Sharon Manning, director of the ISO, said that Soldiers will be taught how to properly handle a motorcycle, proper positions for turning and how to interact with traffic, while learning how to properly inspect a motorcycle to be safe for operation.

"They put you through a lot of different maneuvers," she said. "They'll have [the Soldiers] do 90-degree turns, go around curves, teach them stopping suddenly and coordination when using the back and front brake."

Along with taking the basic rider course, Soldiers must also make sure to have the proper motorcycle endorsements on their driver's license, and are required to wear the proper personal protective equipment, said Ghostley.

She said Soldiers must wear a Department of Transportation-approved helmet that is three-quarters or full-faced; wear long-sleeved shirts and long pants; and wear over-the-ankle shoes or boots that are sturdy like leather -- Army issue boots are acceptable. If the helmet that is being worn does not have a face shield, safety goggles or American National Standards Institute-approved wraparound safety sunglasses must be worn, Ghostley added.

Soldiers are also required to have progressive motorcycle training after they have taken the basic rider course, according to safety specialist.

People that are not affiliated with the Army that are operating motorcycles on the installation must also be wearing the same protective gear as those required for the Soldiers, she added.

Ghostley also explained the required continual training required to operate motorcycles on the installation, saying that within the first year after completing the basic rider course, Soldiers must take either the BRC2 or the military sport bike course.

The BRC2 is for those that ride a touring or cruising bike and the MSRC is second-stage bike training for Soldiers to learn to handle their sport bikes by practicing corning drills, stopping drills, and precise technique and accuracy to enhance safety and diminish the risk of riding a sport bike, said Smith.

"[Motorcycle training] is a continuous process and the Army has decided that this is life-long training," he said. "These are perishable skills.
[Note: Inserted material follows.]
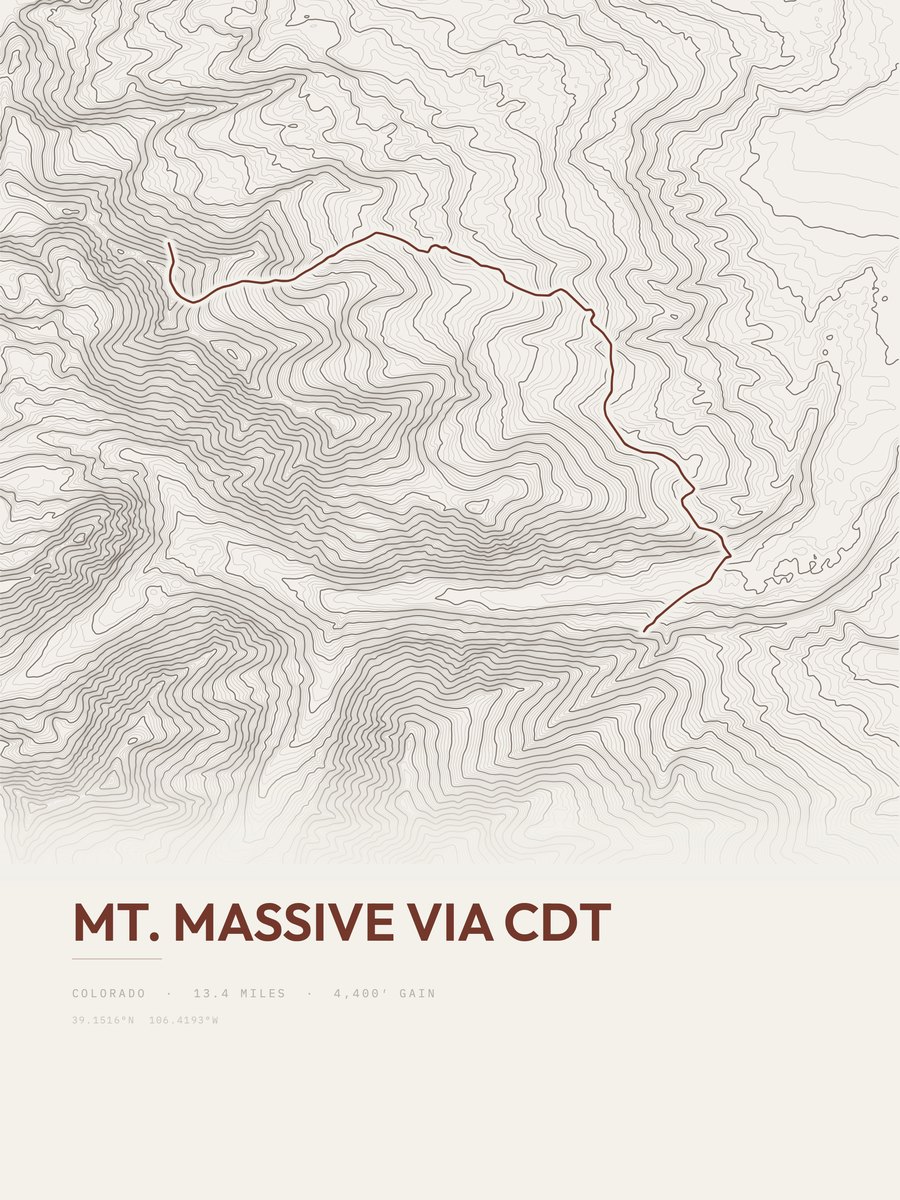 Mount Massive topographic trail print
We want [Soldiers] to come back periodically and brush up on their skills."

Jake Simoneaux, Fort Rucker Air Traffic Controller, has been riding motorcycles since 2006 and attended the MSRC to give himself a refresher on sport bike riding safety.

"It's stuff that you forget or take for granted," he said. "Most cars aren't even looking for motorcycles on the road and that's why I drive pretty cautiously. I just like to ride [motorcycles] … for the joy of it and I've got a Family to go home to. [The course] made me aware and watch out to for others."
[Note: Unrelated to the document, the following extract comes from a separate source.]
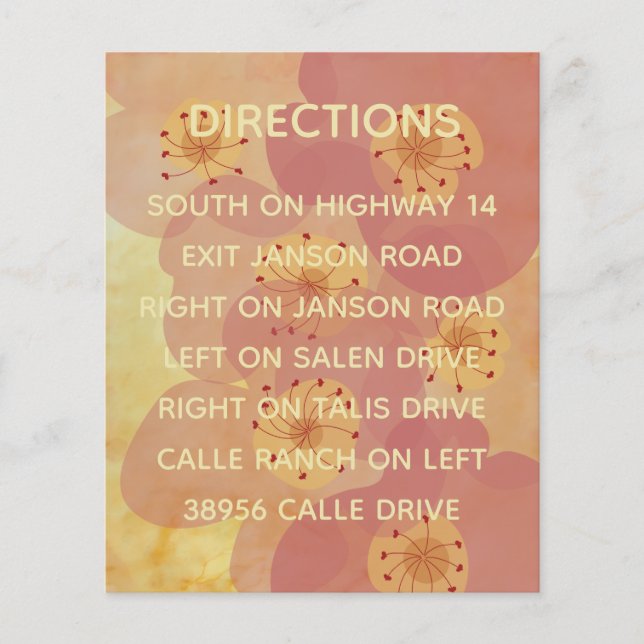 Placa de inserção de convite de casamento flexível (Frente)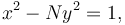 \ x^2-Ny^2=1,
Smith said that motorcyclists need to drive more defensively in order to protect themselves from the other motorists on the road that may be distracted or don't notice motorcycles on the road, and that's what the courses are there to teach them.

"We have to think defense out there on two wheels," he said. "The fact of the matter is that nobody is going to be better positioned or situated to protect you than you, the rider."
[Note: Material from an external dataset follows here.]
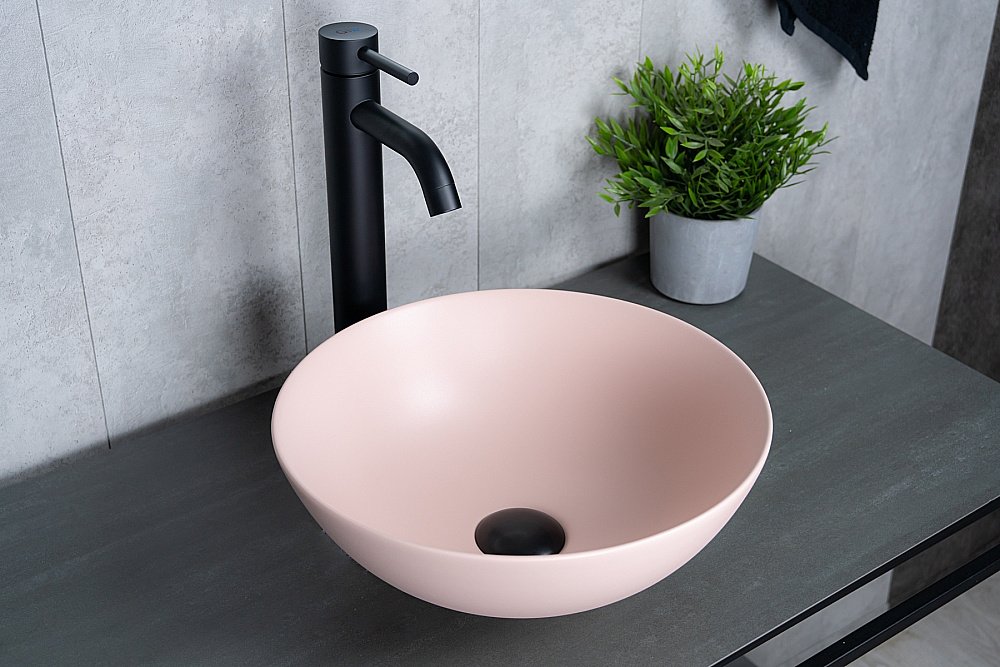 Раковина накладная Gid 9081pkm розовая матовая купить в интернет-магазине Sanbest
The installation also offers a refresher course for redeploying Soldiers that are returning to Fort Rucker that haven't ridden in a while, said Ghostley, adding that the refresher course is also required for all Soldiers every three years as sustainment training.

Smith said it is important for people to take the opportunity to learn everything they can about motorcycle safety, whether it be from reading magazines, going to the Motorcycle Safety Foundation website or taking courses such as the MSRC, and not just for the motorcyclists, but for other drivers as well.

"What we ask is that for the folks that are on four wheels that haven't seen us [on the road in the past few] months -- please look out for us," he said. "We're out here and we just want to share the road, too."